La escena puede ser cualquier geografía, pero siempre al salir a la calle encontramos a La Habana, que dialoga con esas sombras adquiridas durante la presentación teatral. Vienen el silencio, las risas y los ritmos concienzudos de los espectadores ante el lenguaje que se apaga y resurge en cada función. Se asoma la tormenta artificial que nos dice mucho de las tempestades reales de este mundo. Son esas tardes o noches, ratos siempre dichosos, que pasamos en las salas de teatro, a las que acudimos a veces como criaturas que huyen y otras como seres que vagan en una ciudad reflexiva en extremo, autorreferencial, como todo mito.
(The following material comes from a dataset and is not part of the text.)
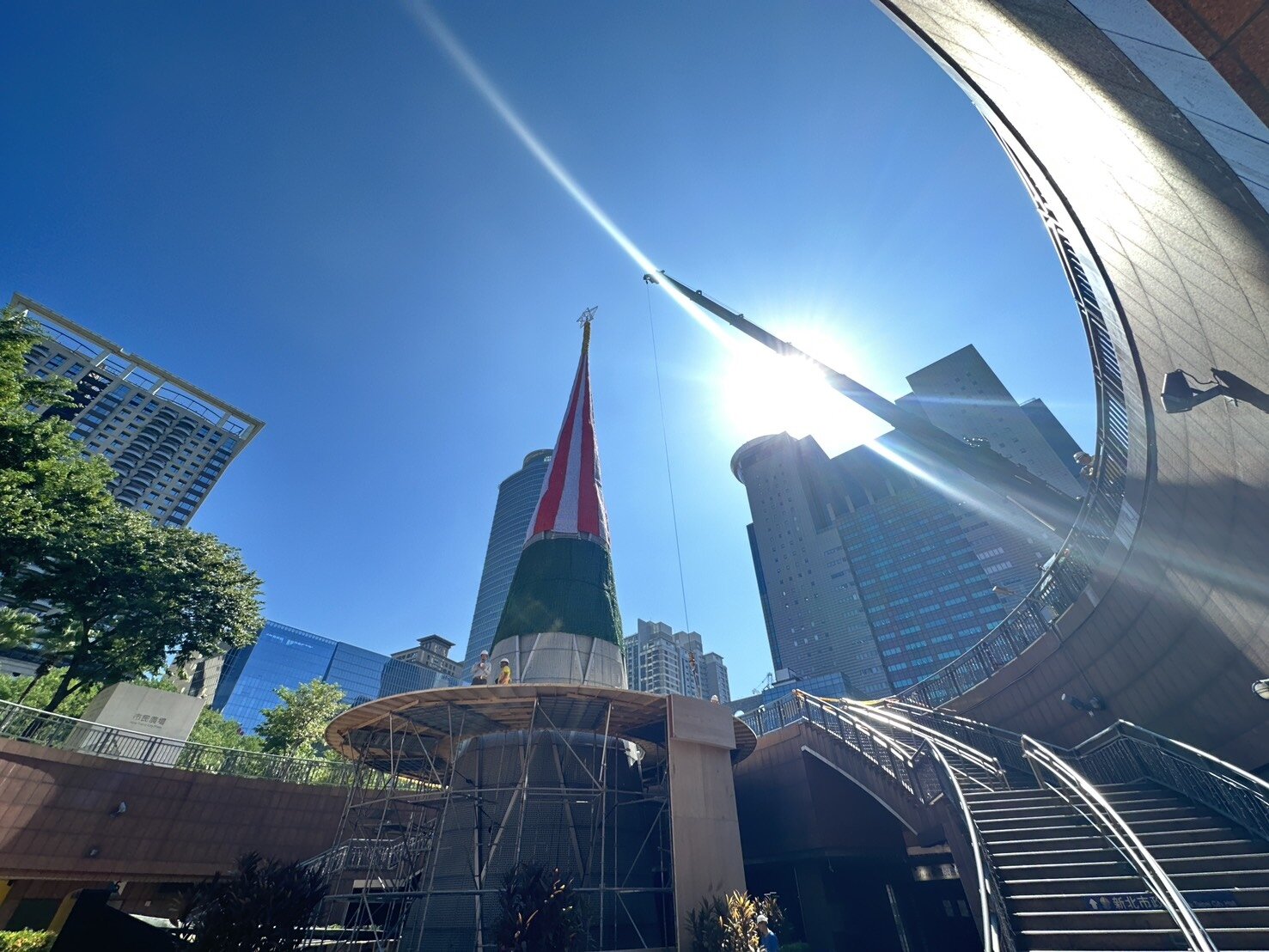 新北歡樂耶誕城是年度盛事，最近在市民廣場上的耶誕樹地標已開始布置，引起討論。記者王慧瑛／攝影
Ya sea en época de festivales o en ese tiempo nunca muerto de siempre, los cubanos solemos hallar en las tablas los remedos a un edificio nacional, quizás porque en verdad el sol nos convierte en seres de sombras, que añoramos el leve reflector, la luz cenital que dibuja otras realidades, el tahúr del arte que nos burla para enseñarnos un mejor camino al cotidiano. He estado muchas noches junto a amigos, novias o solo en esas butacas de las salas Trianón, Revuelta o Llauradó, aunque no hago alarde de conocer el teatro a fondo, de hecho es el género que jamás me atrevería a escribir, por parecerme muy cercano a la vida y casi mejor que la existencia (ello en cuestiones de escritura suele complicar el trabajo). Recién vi en una película de Lars Von Trier, Manderlay, el uso genial de las burlas del teatro, esas que lo tornan subversivo, tentador para cualquier artista, una pura dinamita de las lecturas y los cuestionamientos. El film me recuerda que yo mismo imaginé que un poco de arena sobre el cartón del escenario era un desierto, incluso llegué a estrujarme un ojo, pues algún grano me molestaba entre el viento y la luz.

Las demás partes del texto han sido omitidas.